Repeat the listing word for word. No pictures belong in the copy.

◆ **Dataset**
=-=-=-=-=

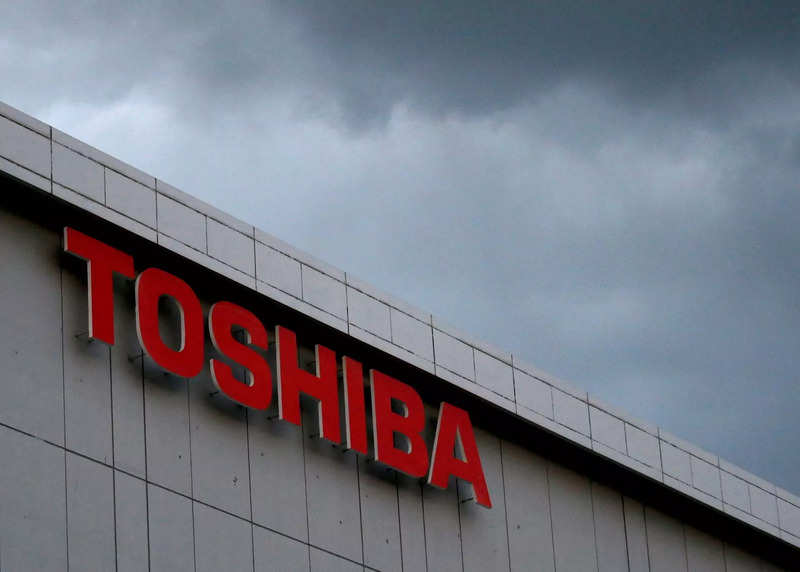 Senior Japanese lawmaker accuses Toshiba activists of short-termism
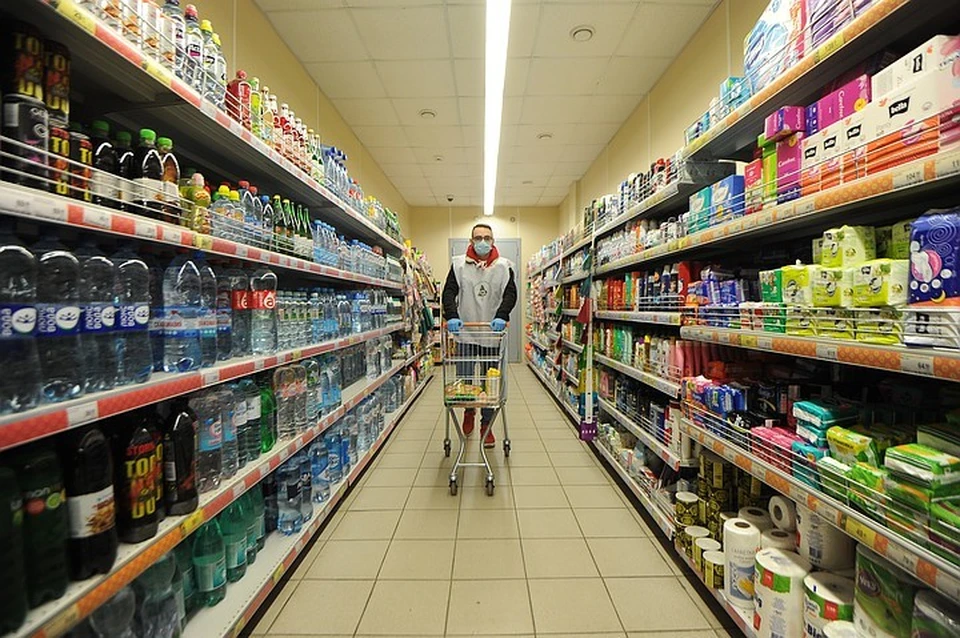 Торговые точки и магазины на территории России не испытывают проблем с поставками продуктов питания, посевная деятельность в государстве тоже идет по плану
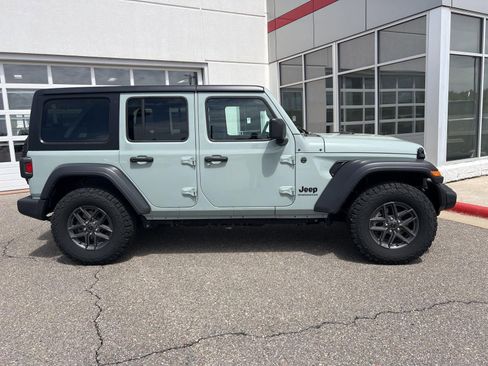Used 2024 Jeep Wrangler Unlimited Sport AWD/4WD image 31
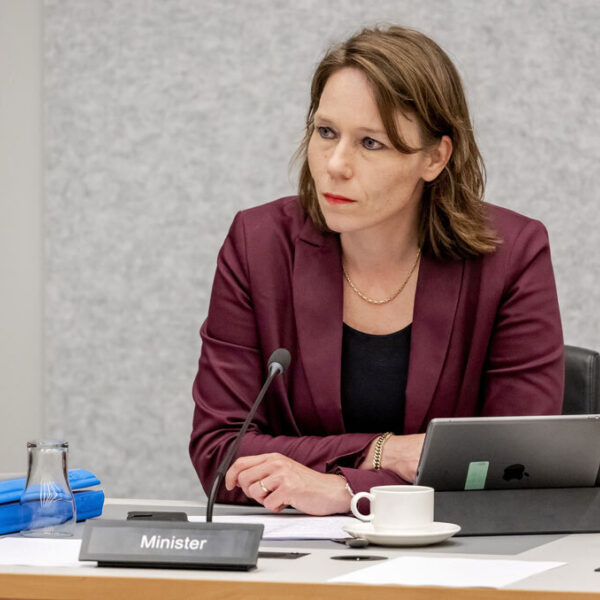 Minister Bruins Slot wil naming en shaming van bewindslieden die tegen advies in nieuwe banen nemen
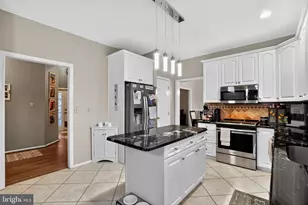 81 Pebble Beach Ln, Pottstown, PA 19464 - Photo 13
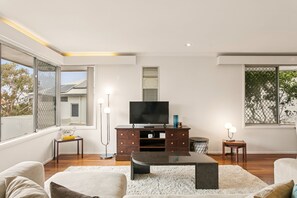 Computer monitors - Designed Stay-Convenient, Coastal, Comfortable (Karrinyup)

=-=-=-=-=

◆ **Written reply**
 Senior Japanese lawmaker accuses Toshiba activists of short-termism
 Торговые точки и магазины на территории России не испытывают проблем с поставками продуктов питания, посевная деятельность в государстве тоже идет по плану
Used 2024 Jeep Wrangler Unlimited Sport AWD/4WD image 31
 Minister Bruins Slot wil naming en shaming van bewindslieden die tegen advies in nieuwe banen nemen
 81 Pebble Beach Ln, Pottstown, PA 19464 - Photo 13
 Computer monitors - Designed Stay-Convenient, Coastal, Comfortable (Karrinyup)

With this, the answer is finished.